In honor of Wadlow, I took all that I thought a young giant might wish for--a long life, a wife, a family, a place that accepted him as he was, where he was just another town oddity--and I gave it to elderly Vance Shelby in The Girl Who Chased the Moon. And as an old giant, Vance looks back on a life he always wanted to be extraordinarily small, and finds that it was exactly the size it needed to be. Which I think might be truth for us all. --Sarah Addison Allen
From Publishers Weekly
Allen's latest (after The Sugar Queen
) takes the familiar setup of a young protagonist returning to the small town where her elusive mother was raised, and subverts it by sprinkling just enough magic into the narrative to keep things lively but short of saccharine.

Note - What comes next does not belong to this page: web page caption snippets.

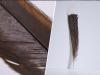 World's Most Expensive Feather Sold In New Zealand   Precious huia feather fetches record price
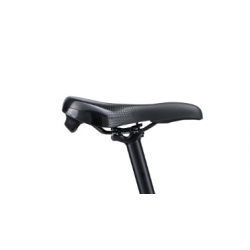 Giant Liv Amiti-E+ Pro Silver Pine 2023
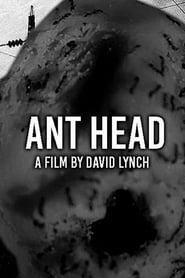 Watch Ant Head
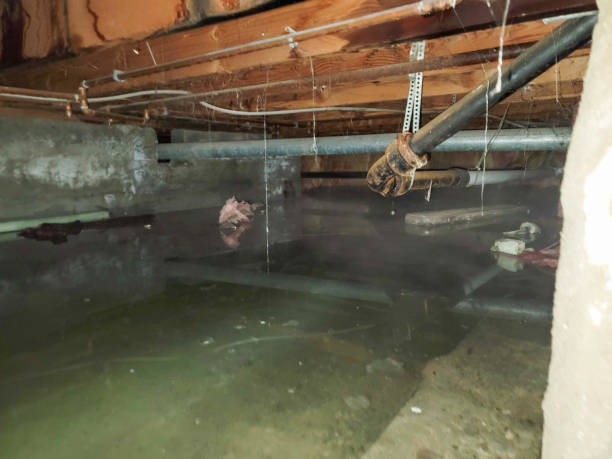 Best Fire Damage Restoration  in Sioux Falls, SD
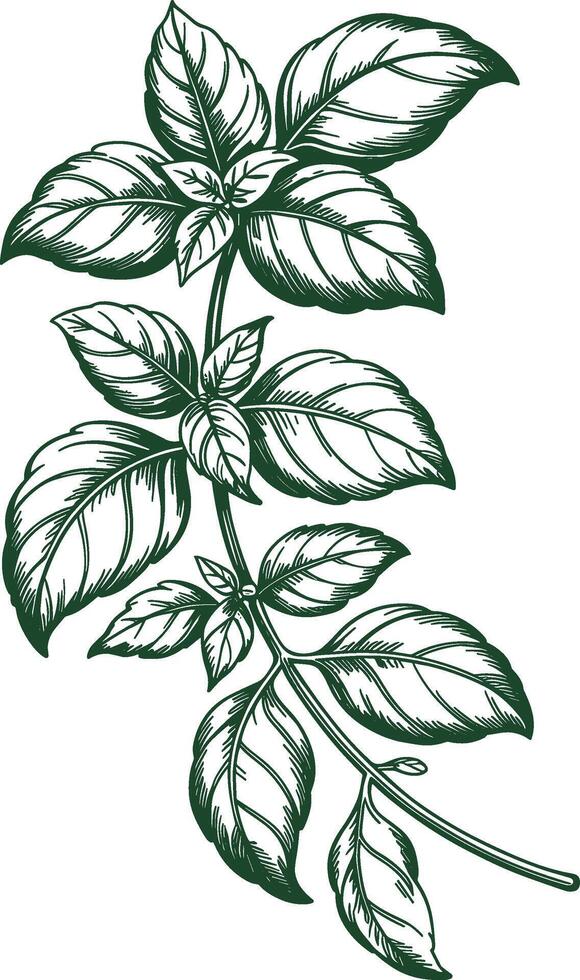 Vintage Fresh Basil Sprig with Detailed Leaves Illustration vector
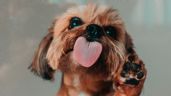 Foto ilustrativa de la nota titulada: La dura advertencia de veterinario a los dueños de mascotas que se dejan lamer: “Es un riesgo de salud”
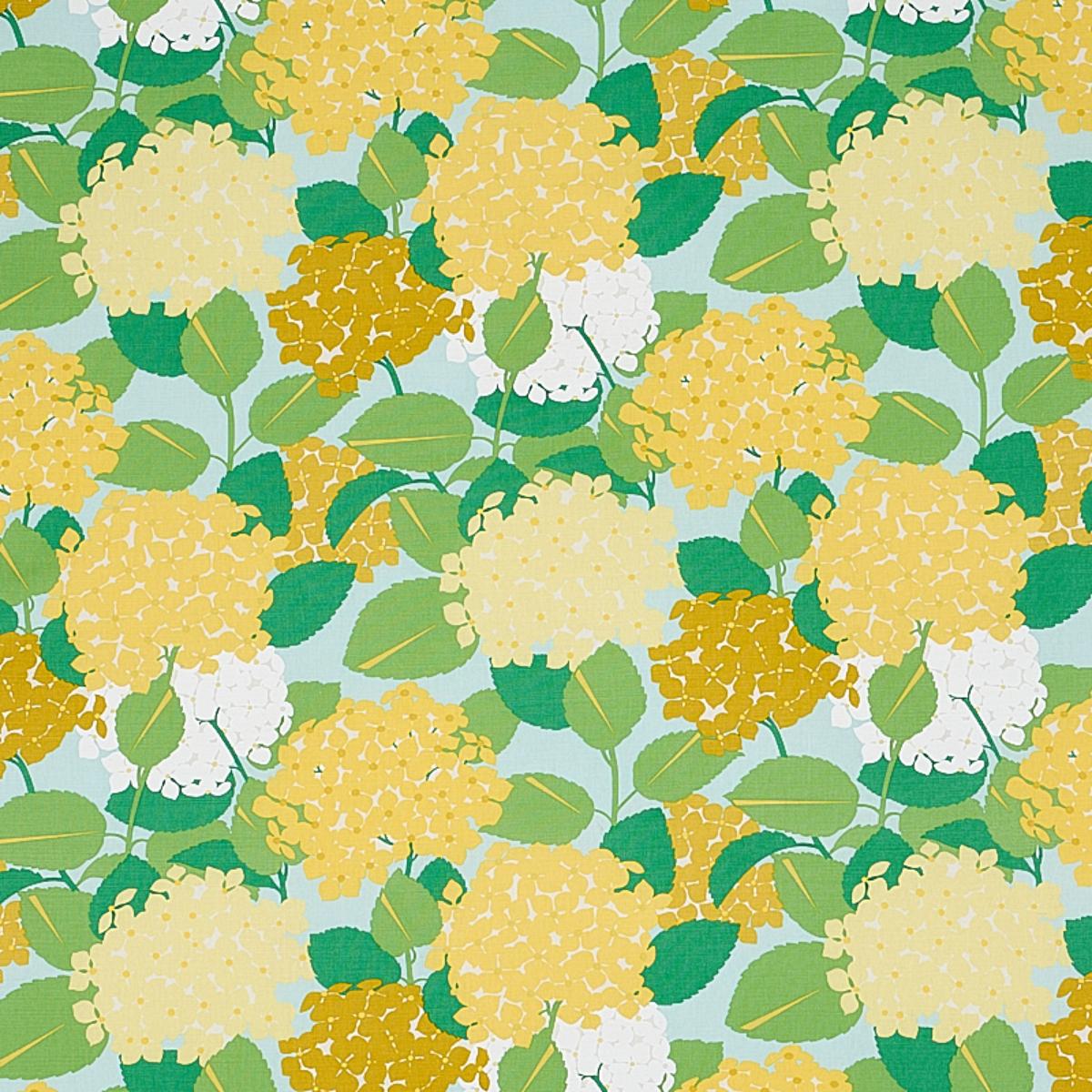 HYDRANGEA YELLOW
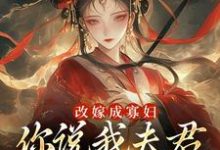 无删减版《改嫁成寡妇，你说我夫君又复活了？》免费阅读-书评酱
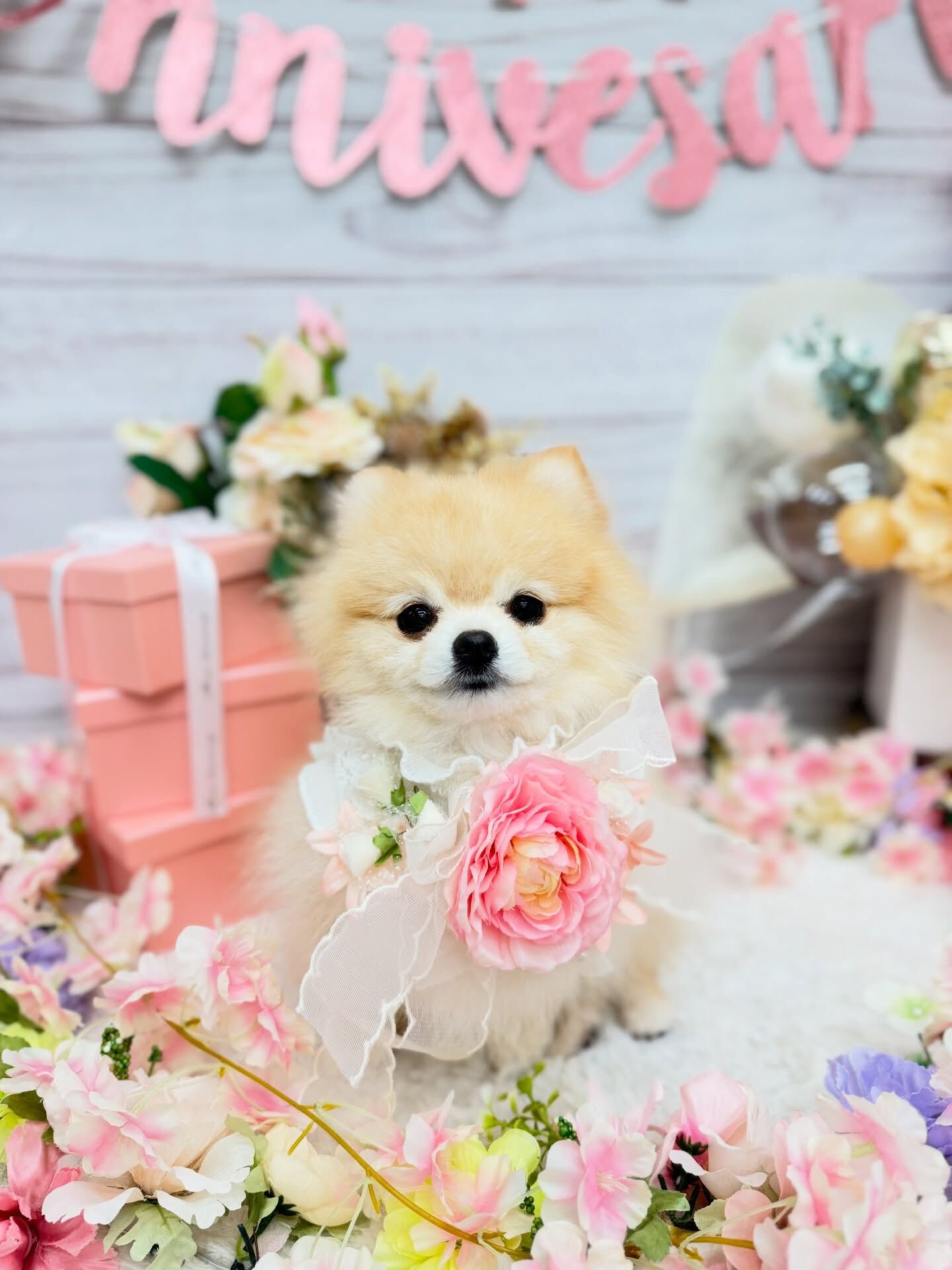 ポメラニアン♡パピートリミング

Seventeen-year-old Emily Benedict, intent on learning more about her mother, Dulcie, moves in with her grandfather, but is disappointed to find that her grandfather doesn't want to talk much about Dulcie. She soon discovers, though, that many still hold a grudge against Dulcie for the way she treated an old sweetheart before dumping him and disappearing. Luckily, Dulcie's high school adversary, Julia Winterson, back in town to pay down her deceased father's debt, takes a shine to Emily. She's working another quest as well: baking cakes every day with the hope that they'll somehow attract the daughter she gave up for adoption years ago. There are love interests, big family secrets, and magical happenings (color-changing wallpaper, mysterious lights) aplenty as Allen charts the spiraling inter-generational stories, bringing everything together in an unexpected way. (Mar.)